Exercise material:
········
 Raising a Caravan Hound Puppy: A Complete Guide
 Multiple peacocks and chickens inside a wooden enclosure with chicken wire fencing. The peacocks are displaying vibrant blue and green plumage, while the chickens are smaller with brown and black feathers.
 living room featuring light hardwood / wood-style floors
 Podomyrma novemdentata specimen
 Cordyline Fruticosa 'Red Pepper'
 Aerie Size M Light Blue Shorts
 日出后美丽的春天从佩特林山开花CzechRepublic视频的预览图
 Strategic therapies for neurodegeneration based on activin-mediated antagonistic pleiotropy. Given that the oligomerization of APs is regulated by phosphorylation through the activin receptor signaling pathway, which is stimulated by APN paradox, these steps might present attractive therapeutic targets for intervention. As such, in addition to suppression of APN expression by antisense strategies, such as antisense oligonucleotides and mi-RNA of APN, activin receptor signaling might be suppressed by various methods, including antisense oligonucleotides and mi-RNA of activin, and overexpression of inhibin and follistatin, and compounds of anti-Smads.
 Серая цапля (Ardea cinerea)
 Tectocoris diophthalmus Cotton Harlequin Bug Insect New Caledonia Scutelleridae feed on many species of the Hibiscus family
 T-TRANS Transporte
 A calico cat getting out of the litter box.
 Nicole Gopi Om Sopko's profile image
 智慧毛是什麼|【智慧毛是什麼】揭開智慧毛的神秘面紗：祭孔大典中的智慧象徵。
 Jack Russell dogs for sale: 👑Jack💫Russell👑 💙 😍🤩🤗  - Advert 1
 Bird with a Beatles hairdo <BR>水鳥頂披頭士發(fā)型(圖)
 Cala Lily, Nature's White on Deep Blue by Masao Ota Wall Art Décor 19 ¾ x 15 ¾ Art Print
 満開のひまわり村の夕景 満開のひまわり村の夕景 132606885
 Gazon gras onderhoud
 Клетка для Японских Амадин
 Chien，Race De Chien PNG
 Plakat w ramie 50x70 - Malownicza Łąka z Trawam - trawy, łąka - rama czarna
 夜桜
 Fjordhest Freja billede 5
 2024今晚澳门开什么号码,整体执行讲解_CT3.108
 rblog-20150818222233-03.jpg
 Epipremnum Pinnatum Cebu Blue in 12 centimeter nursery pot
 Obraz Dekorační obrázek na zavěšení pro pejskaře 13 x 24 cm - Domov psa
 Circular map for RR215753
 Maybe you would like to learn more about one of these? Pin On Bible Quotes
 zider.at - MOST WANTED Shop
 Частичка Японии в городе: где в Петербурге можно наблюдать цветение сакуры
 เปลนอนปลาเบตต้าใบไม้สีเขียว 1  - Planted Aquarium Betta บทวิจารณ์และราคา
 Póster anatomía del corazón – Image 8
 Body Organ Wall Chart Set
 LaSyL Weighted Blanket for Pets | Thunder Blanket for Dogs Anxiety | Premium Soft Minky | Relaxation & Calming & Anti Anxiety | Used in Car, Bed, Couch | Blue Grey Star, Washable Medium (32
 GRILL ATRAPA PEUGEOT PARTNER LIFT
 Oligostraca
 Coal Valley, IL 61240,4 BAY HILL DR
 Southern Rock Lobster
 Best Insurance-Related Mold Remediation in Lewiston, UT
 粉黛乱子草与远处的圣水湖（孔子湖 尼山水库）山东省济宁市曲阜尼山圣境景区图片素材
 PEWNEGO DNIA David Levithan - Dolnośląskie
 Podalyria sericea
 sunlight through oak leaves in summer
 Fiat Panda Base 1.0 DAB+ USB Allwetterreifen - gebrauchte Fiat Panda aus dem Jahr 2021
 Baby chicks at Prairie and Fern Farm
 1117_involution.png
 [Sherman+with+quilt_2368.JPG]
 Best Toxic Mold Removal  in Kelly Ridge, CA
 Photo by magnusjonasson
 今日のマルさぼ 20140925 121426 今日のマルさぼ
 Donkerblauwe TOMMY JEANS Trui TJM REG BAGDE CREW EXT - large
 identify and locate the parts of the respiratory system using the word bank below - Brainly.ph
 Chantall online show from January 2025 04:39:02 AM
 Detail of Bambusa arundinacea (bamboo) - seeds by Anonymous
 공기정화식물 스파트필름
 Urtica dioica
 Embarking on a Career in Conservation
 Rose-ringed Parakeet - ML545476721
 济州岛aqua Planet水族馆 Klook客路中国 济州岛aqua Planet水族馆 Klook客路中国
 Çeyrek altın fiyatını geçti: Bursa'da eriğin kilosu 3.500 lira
········
Write the entire listing out again, word for word.

Final answer:
 Raising a Caravan Hound Puppy: A Complete Guide
 Multiple peacocks and chickens inside a wooden enclosure with chicken wire fencing. The peacocks are displaying vibrant blue and green plumage, while the chickens are smaller with brown and black feathers.
 living room featuring light hardwood / wood-style floors
 Podomyrma novemdentata specimen
 Cordyline Fruticosa 'Red Pepper'
 Aerie Size M Light Blue Shorts
 日出后美丽的春天从佩特林山开花CzechRepublic视频的预览图
 Strategic therapies for neurodegeneration based on activin-mediated antagonistic pleiotropy. Given that the oligomerization of APs is regulated by phosphorylation through the activin receptor signaling pathway, which is stimulated by APN paradox, these steps might present attractive therapeutic targets for intervention. As such, in addition to suppression of APN expression by antisense strategies, such as antisense oligonucleotides and mi-RNA of APN, activin receptor signaling might be suppressed by various methods, including antisense oligonucleotides and mi-RNA of activin, and overexpression of inhibin and follistatin, and compounds of anti-Smads.
 Серая цапля (Ardea cinerea)
 Tectocoris diophthalmus Cotton Harlequin Bug Insect New Caledonia Scutelleridae feed on many species of the Hibiscus family
 T-TRANS Transporte
 A calico cat getting out of the litter box.
 Nicole Gopi Om Sopko's profile image
 智慧毛是什麼|【智慧毛是什麼】揭開智慧毛的神秘面紗：祭孔大典中的智慧象徵。
 Jack Russell dogs for sale: 👑Jack💫Russell👑 💙 😍🤩🤗  - Advert 1
 Bird with a Beatles hairdo <BR>水鳥頂披頭士發(fā)型(圖)
 Cala Lily, Nature's White on Deep Blue by Masao Ota Wall Art Décor 19 ¾ x 15 ¾ Art Print
 満開のひまわり村の夕景 満開のひまわり村の夕景 132606885
 Gazon gras onderhoud
 Клетка для Японских Амадин
 Chien，Race De Chien PNG
 Plakat w ramie 50x70 - Malownicza Łąka z Trawam - trawy, łąka - rama czarna
 夜桜
 Fjordhest Freja billede 5
 2024今晚澳门开什么号码,整体执行讲解_CT3.108
 rblog-20150818222233-03.jpg
 Epipremnum Pinnatum Cebu Blue in 12 centimeter nursery pot
 Obraz Dekorační obrázek na zavěšení pro pejskaře 13 x 24 cm - Domov psa
 Circular map for RR215753
 Maybe you would like to learn more about one of these? Pin On Bible Quotes
 zider.at - MOST WANTED Shop
 Частичка Японии в городе: где в Петербурге можно наблюдать цветение сакуры
 เปลนอนปลาเบตต้าใบไม้สีเขียว 1  - Planted Aquarium Betta บทวิจารณ์และราคา
 Póster anatomía del corazón – Image 8
 Body Organ Wall Chart Set
 LaSyL Weighted Blanket for Pets | Thunder Blanket for Dogs Anxiety | Premium Soft Minky | Relaxation & Calming & Anti Anxiety | Used in Car, Bed, Couch | Blue Grey Star, Washable Medium (32
 GRILL ATRAPA PEUGEOT PARTNER LIFT
 Oligostraca
 Coal Valley, IL 61240,4 BAY HILL DR
 Southern Rock Lobster
 Best Insurance-Related Mold Remediation in Lewiston, UT
 粉黛乱子草与远处的圣水湖（孔子湖 尼山水库）山东省济宁市曲阜尼山圣境景区图片素材
 PEWNEGO DNIA David Levithan - Dolnośląskie
 Podalyria sericea
 sunlight through oak leaves in summer
 Fiat Panda Base 1.0 DAB+ USB Allwetterreifen - gebrauchte Fiat Panda aus dem Jahr 2021
 Baby chicks at Prairie and Fern Farm
 1117_involution.png
 [Sherman+with+quilt_2368.JPG]
 Best Toxic Mold Removal  in Kelly Ridge, CA
 Photo by magnusjonasson
 今日のマルさぼ 20140925 121426 今日のマルさぼ
 Donkerblauwe TOMMY JEANS Trui TJM REG BAGDE CREW EXT - large
 identify and locate the parts of the respiratory system using the word bank below - Brainly.ph
 Chantall online show from January 2025 04:39:02 AM
 Detail of Bambusa arundinacea (bamboo) - seeds by Anonymous
 공기정화식물 스파트필름
 Urtica dioica
 Embarking on a Career in Conservation
 Rose-ringed Parakeet - ML545476721
 济州岛aqua Planet水族馆 Klook客路中国 济州岛aqua Planet水族馆 Klook客路中国
 Çeyrek altın fiyatını geçti: Bursa'da eriğin kilosu 3.500 lira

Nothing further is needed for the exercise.